What actually felt a lot more satisfying than sneaking around was taking the high ground with a sniper rifle and taking potshots at the enemies from the distance. Position yourself far away enough and they won't be able to hear the gunshots, leaving them unable to hunt you down and helpless to protect their tender little heads. It also feels more in character as a big burly black ex-military dude to snipe down your enemies than try to sneak your way around them.
Occasionally the chatty villain also decides to invade the map you're in. The first time this happened, I flew into panic since I had no idea where I was getting shot at and had a hard time fighting her off. Pretty quickly after that I started to figure out her patterns and it became more of an annoyance than a massive threat. I even managed to sneak around her with invisibility, turn off my invisibility for a bit to lure her in, then go invisible again to knife her in the back for some sweet insta-kill revenge. You also need to go do some busywork to unlock your escape route after this invasion, so that really just doubled the annoyance of it all. Not really a big fan of this particular feature.
There's also a multiplayer aspect where you can play as the invader, but I never touched it. I want to play a single-player campaign that I can put on pause if I needed to go pee. Thankfully opting out of the multiplayer aspect is very much possible, although I believe it did automatically start off in online mode.

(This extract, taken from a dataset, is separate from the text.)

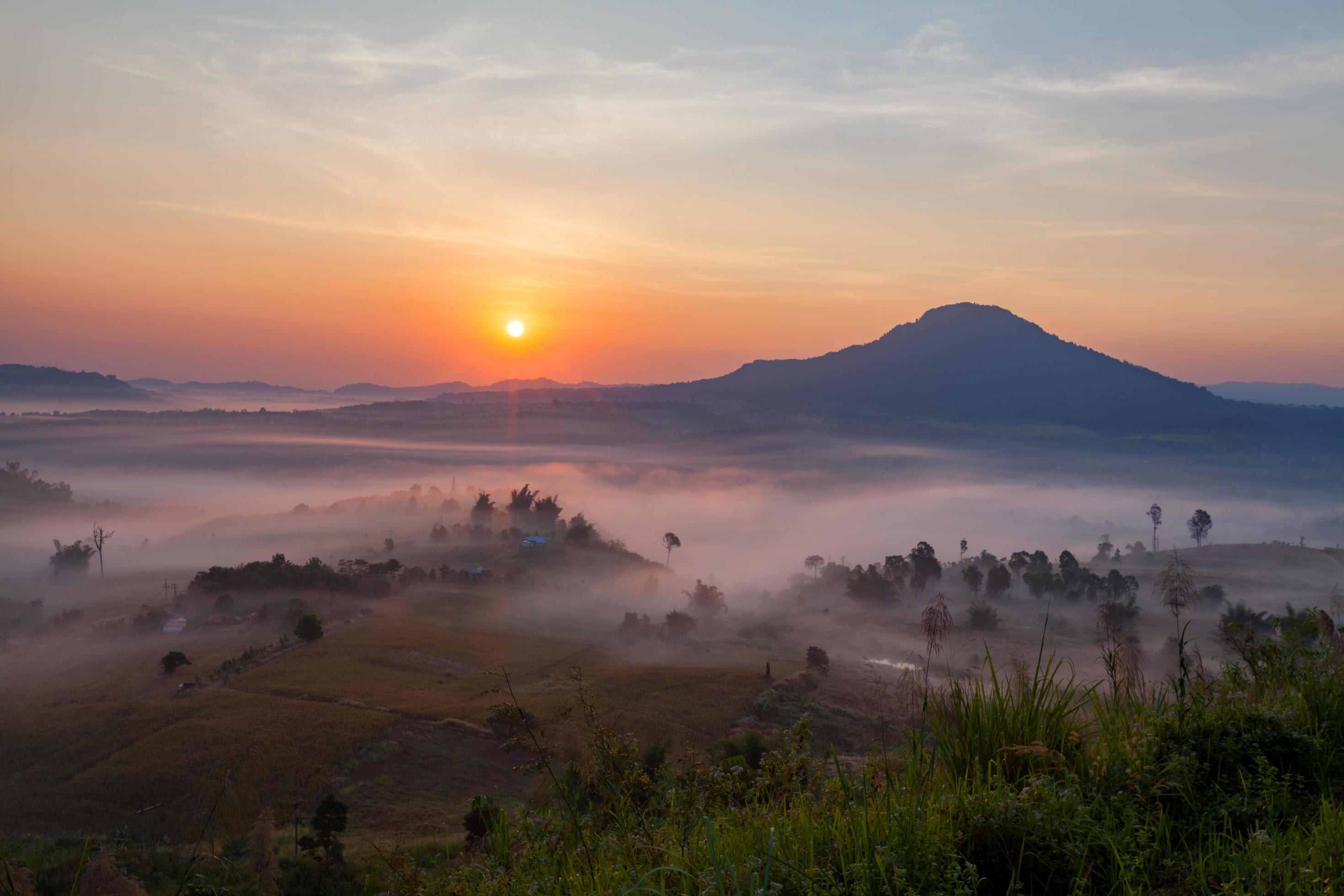 fog in morning sunrise and road at Khao Takhian Ngo View Point at Khao-kho Phetchabun,Thailand Stock Free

Possibly my favourite part of the game is just the presentation. DEATHLOOP is dripping with this cartoony 1960s vibe and it's fantastic. The sound design is also great. The stealth music is very good at building a tense atmosphere, and the shift in music when you go from stealth to combat, or from combat to stealth, also works well to indicate your status, so it also works from a gameplay perspective. Colt's voice acting is also good, although I'm not so sure about the rest of the voice acting. It at least didn't feel as strong. But the overall presentation of the game is still to its benefit.
Technically the game seems sound. I get pretty low system utilisation when running max settings at 1440p with a 240 FPS cap, so I assume that this game runs pretty fine on low-end hardware as well. Not a lot of bugs either, although I did manage to softlock several times in the inventory screen, and a couple of times an enemy body ragdolled wildly into space after I've killed them. I also read somewhere that the loading times were tied to your FPS. Can't really confirm that claim, but if that's true, then it sounds kinda bad. Thankfully my loading times were pretty decent with a 7800X3D, an RTX 4090 and a fast SSD. Overall, I don't have a lot of things to gripe about the technical side – a lot of games are put out in far worse state.
DEATHLOOP is kind of a mixed bag for me. The story didn't feel that special and the gameplay didn't feel that special either. The time loop mechanic, even though it was an interesting concept, didn't really make the game feel that special either. But despite none of the aspects of the game really grabbing me, I still felt compelled to pour about 23 hours into the game to solve the puzzle and reach the ending, so I guess DEATHLOOP was doing something right. I'd give the game a cautious recommendation if you enjoy exploration and stealth, but I wouldn't say that it's a must play title.